So, my parents were using a Flip Ultra HD to record sermons. This camera has a serious flaw which the company has acknowledged and failed to fix. First, the camera has 8GB of memory which it formats into a FAT-32 filesystem. This filesystem has a well known limitation where it cannot have a file which exceeds 4GB in size. The Flip camera, when recoding in HD, will hit this limitation in about an hour (depending on the motion in the video). The simple solution to this is to simply split the recording into multiple files so as to not cause any issues. Pure Digital Technologies, Inc, unlike their competitors, doesn’t seem to have figured out this simple solution but instead elected to have the camera beep and turn itself off. This completely violates what a consumer would expect out of a camera in that it will continually record until it is out of power or out of memory, or in the old days, tape.
I talked with their live support to confirm this flaw, and amid a bastardized, CPU-hogging chat client, I managed to get confirmation that this flaw is known, and no explanation as to why it has not been fixed aside from “I’m sorry, that’s what the camcorder can handle.”
I later found out that the company is owned by Cisco, and considering my history with their lousy products in the past, I should have already known.
- Apr 15, 2011
Just buy the “other” camera and done! Cisco makes great products, stable, and run great if you know how to work on them. Stop talking trash!
Graham Booker - Apr 15, 2011
>Just buy the “other” camera and done! Isn’t that the entire point of this post, don’t buy a Flip camera? Although, it’s not as much of a point now because they are no longer being made. > Cisco makes great products, stable, and run great if you know how to work on them. That’s a laugh as I haven’t encountered one yet. Everything stated here against Cisco’s products is well deserved. If “[knowing] how to work on them” includes writing a kernel module to work around Cisco incorrect implementation, as I have had to do in the past, that still constitutes a lousy product.
Alan Kleymeyer - Oct 5, 2010
Do yourself a favor and get in the habit of starting and stopping shooting. The best editing you can do is when you shoot. Trying to manage and edit large files (4g+) is a pain in the butt. Even the semi-professional cameras such as Panasonic HVX cameras use a new file format (MXF) that by definition limits clips to 4G. Now if the Flip camera doesn’t automatically cut off the clip at 4g and continue on to a second clip, that WOULD be a bad design.
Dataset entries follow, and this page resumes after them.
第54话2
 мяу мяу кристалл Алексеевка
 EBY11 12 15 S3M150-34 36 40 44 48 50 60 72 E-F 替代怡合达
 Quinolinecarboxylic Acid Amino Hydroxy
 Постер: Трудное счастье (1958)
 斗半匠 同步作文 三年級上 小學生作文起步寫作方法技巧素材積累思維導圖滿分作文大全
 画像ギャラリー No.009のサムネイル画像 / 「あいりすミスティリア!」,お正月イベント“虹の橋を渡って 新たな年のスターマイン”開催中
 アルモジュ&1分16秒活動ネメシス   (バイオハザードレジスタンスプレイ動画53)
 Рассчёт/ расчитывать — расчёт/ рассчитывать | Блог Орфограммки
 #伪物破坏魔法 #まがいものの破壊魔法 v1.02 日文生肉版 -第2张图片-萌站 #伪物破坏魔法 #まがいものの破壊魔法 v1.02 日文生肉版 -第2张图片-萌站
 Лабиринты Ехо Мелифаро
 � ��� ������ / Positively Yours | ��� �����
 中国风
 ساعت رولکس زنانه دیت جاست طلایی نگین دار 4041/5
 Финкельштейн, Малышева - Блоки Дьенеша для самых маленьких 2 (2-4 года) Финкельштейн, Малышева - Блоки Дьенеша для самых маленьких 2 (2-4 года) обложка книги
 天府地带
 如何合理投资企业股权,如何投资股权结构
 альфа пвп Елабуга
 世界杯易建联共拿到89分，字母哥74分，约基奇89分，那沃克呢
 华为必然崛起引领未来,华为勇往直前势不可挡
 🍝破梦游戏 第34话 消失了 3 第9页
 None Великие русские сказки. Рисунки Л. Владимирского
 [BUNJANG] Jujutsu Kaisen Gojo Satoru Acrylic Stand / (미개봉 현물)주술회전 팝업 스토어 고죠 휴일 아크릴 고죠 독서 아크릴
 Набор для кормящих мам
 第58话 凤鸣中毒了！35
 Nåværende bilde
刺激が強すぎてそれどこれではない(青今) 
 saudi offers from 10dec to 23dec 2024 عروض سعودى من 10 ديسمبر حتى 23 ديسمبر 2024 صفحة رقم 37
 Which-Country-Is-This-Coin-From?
Graham Booker - Oct 5, 2010
Alan, did you even read the post? > Do yourself a favor and get in the habit of starting and stopping shooting Not a valid solution for recording a lecture, talks, or as I stated in the post, a sermon. > Now if the Flip camera doesn’t automatically cut off the clip at 4g and continue on to a second clip, that WOULD be a bad design. It doesn’t, as I mentioned in the post, but other cameras do.